Maar laat ik het overschatten, en er nog maar een kans van 50% is dat er niemand rond onze vereniging te maken heeft gehad met seksuele intimidatie, dan nog is er reden genoeg om het er hier over hebben. Voldoende reden voor #WeToo; deze discussie gaat ook over ons.

En waar we het dan als eerste over moeten hebben is hoe we ons als vereniging willen dat we ons gedragen. We gedragen ons vrij vaak op de gewenste manier, maar als we maar enigszins vermoeden dat beoogd gedrag leidt tot ongewenste situaties: doe het niet. Ook al is er ook kans dat het met een vette knipoog wordt ontvangen.

We zetten in de ODO Gedragscode volgens mij vrij precies uiteen hoe we bij ODO willen hoe we met elkaar omgaan. Hierin staat onder andere dat “Als ODO (jeugd)lid, vrijwilliger, supporter of ouder van een jeugdlid geef ik de ander geen ongewenste seksueel getinte aandacht. [Ik] stel [..] geen ongepaste vragen en maak geen ongewenste opmerkingen over iemands uiterlijk, persoonlijk leven of seksuele voorkeur.”

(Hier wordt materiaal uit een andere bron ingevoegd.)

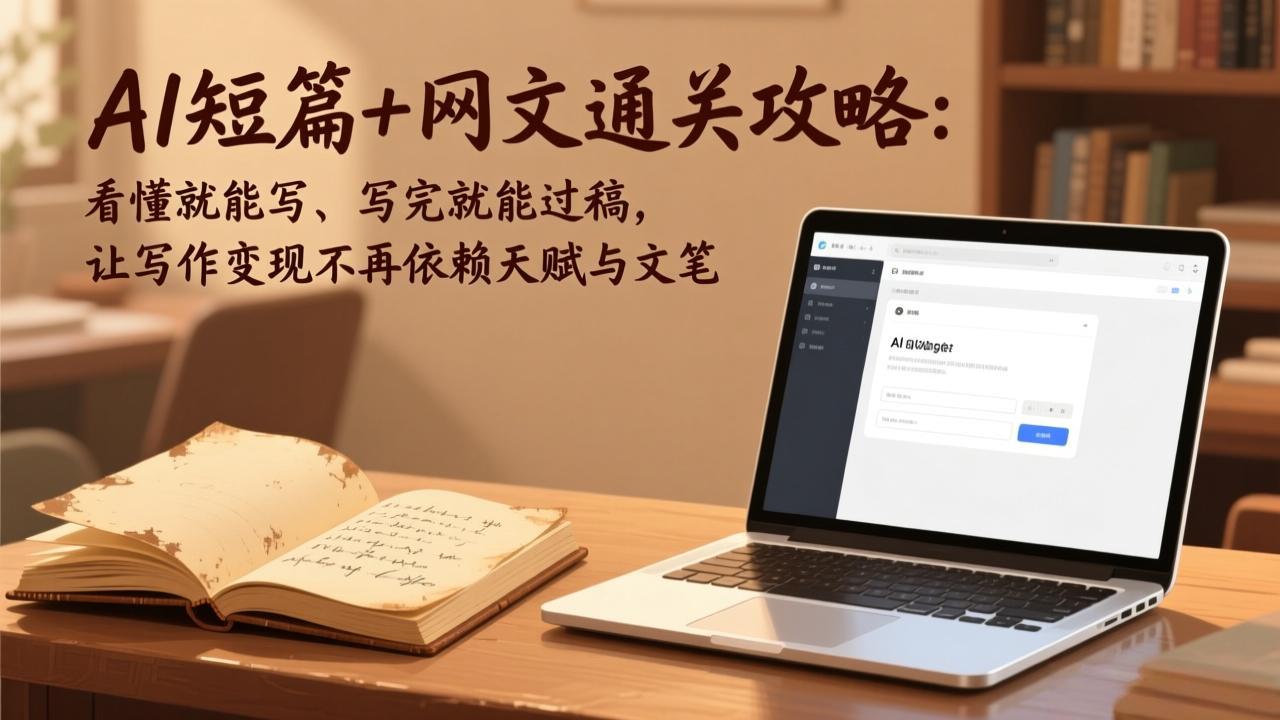 AI短篇+网文通关攻略：看懂就能写、写完就能过稿，让写作变现不再依赖天赋与文笔-海之城短剧项目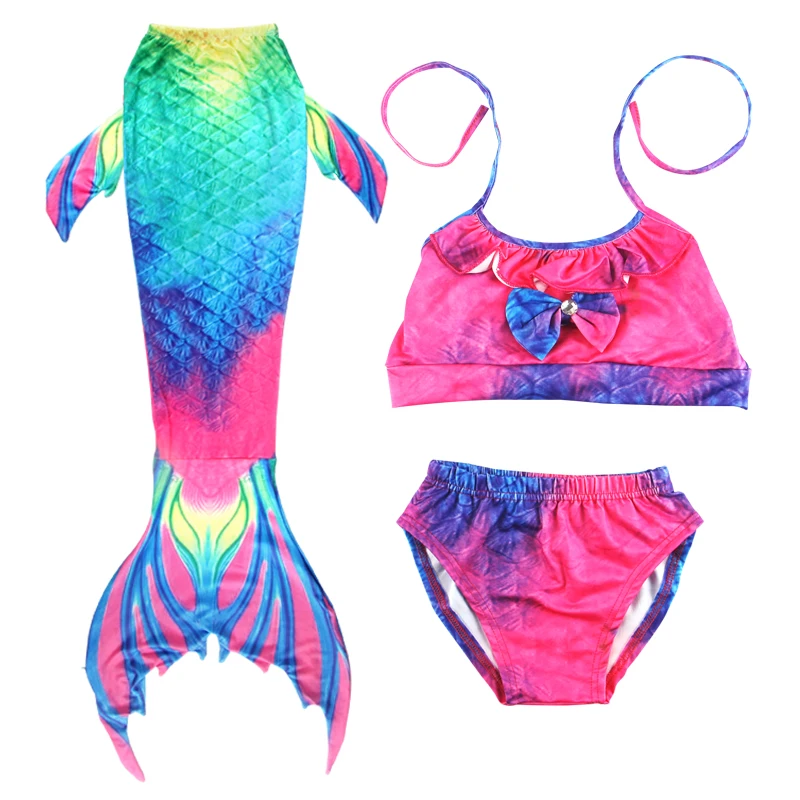 Mermaid costumes Kids Girls Mermaid Tails with Fin Swimsuit Bikini Bathing children mermaid tails Suit Dress Girls With Flipper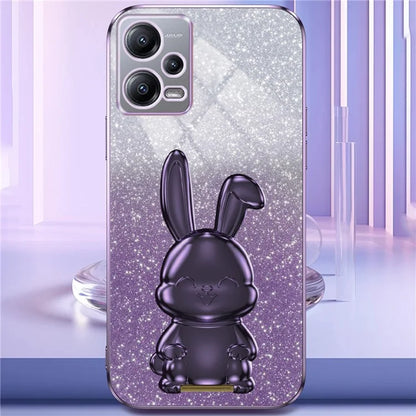 For Xiaomi Redmi Note 12 5G (Global) Phone Case Cute Rabbit Pull-out Kickstand Shockproof PC+TPU Cover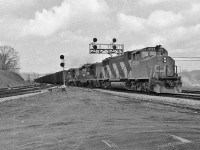 <br>
<br>
  Rather common, at that time, for second gen units to lead first gen.
<br>
<br>
  GMD 1973 built GP38-2(W) CN5566 leads 4566 and 45xx, a pair of GMD 1957 built GP9's through the Bayview turnouts.
<br>
<br>
  At Bayview Jct., on a busy  March 19, 1978 Kodak Tri X negative by S.Danko 
<br>
<br>
Anyone: Would this be the paper train with loads for the Thorold paper mill? Originating from the ONR / CN450?
<br>
<br>
More
<br>
<br>
     <a href="http://www.railpictures.ca/?attachment_id=  44595 "> ex Reading Crusader    </a>
<br>
<br>
sdfourty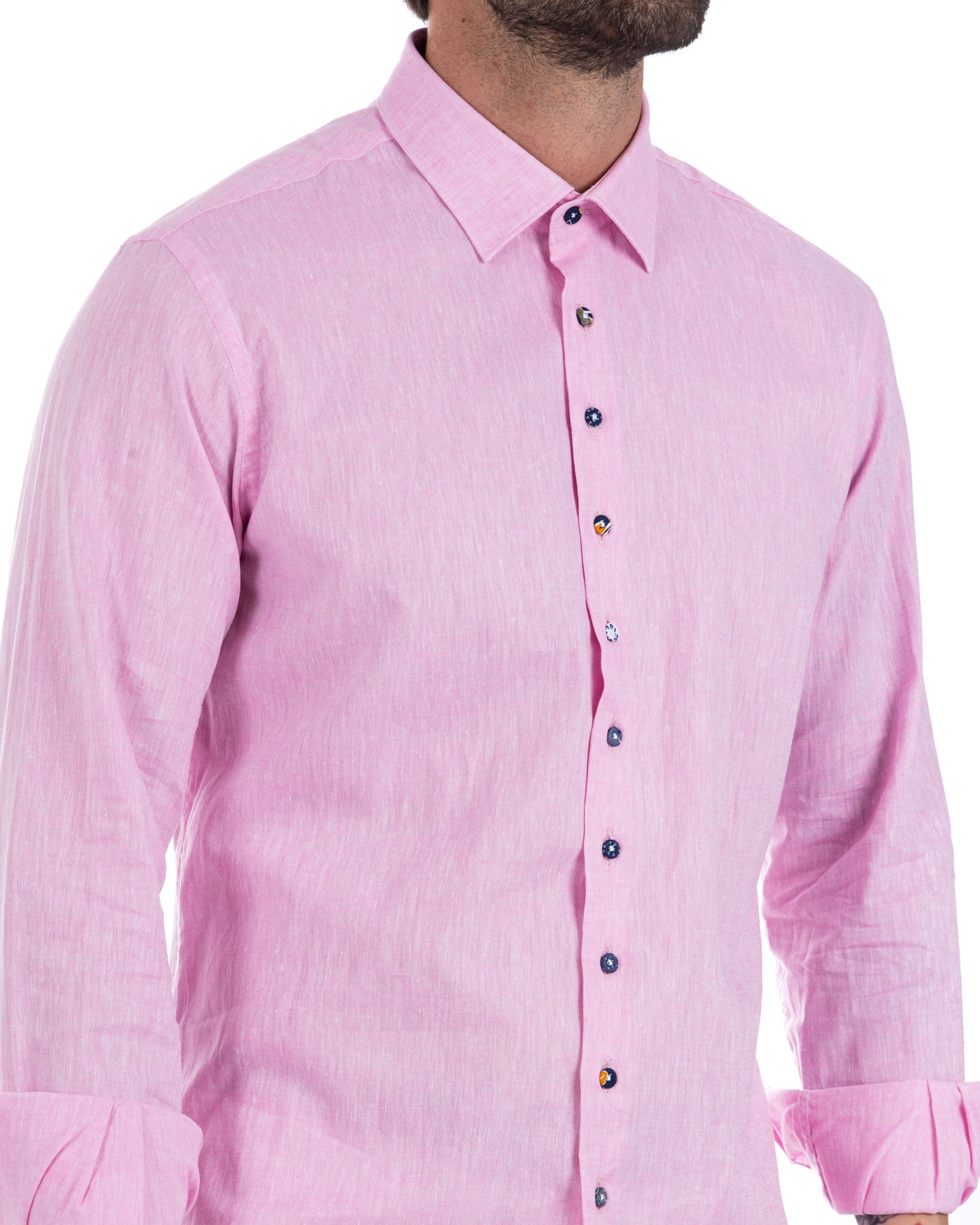 Praiano - chemise française en lin rose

Echter, dit is een dode letter als we elkaar niet aanspreken als gedrag de verkeerde kant op dreigt te gaan. Mocht er ondanks alles toch een situatie zijn die over de grens gaat hebben we bij ODO de vertrouwenspersonen Karin den Heeten en Simon Hanemaaijer. En indachtig de aanbevelingen van de commissie De Vries adviseren wij krachtig ook situaties bij hen te melden waarbij het misschien niet direct 100% duidelijk is of zij de perken te buiten gaan. Onze vertrouwenspersonen zoeken dan uit wat er precies aan de hand is. Het wel bespreken in plaats van niet is absoluut van meerwaarde voor onze vereniging: ook al concluderen we tenslotte dat het gerapporteerde gedrag wel door de beugel kon, het houdt ons scherp en verruimt onze context.

De vertrouwenspersonen verwerken meldingen conform de richtlijnen van het NOC/NSF en rapporteren geanonimiseerd bij het bestuur. Vanuit daar kunnen wij algemene maatregelen nemen zonder de precieze casus te kennen. Daarnaast hebben wij een aantal jaren geleden er voor gekozen een VOG (verklaring omtrent gedrag) verplicht te stellen voor coaches, trainers en bestuurders. NOC/NSF adviseert deze verplichting met klem, het biedt ons als bestuurders enige juridische armslag, het houdt veroordeelden buiten de deur, maar een VOG blijft een  momentopname dat ons geen garanties geeft. Dus nogmaals, een vroegtijdige melding aan de vertrouwenspersonen van wat dan ook is datgene wat ons als vereniging echt verder brengt.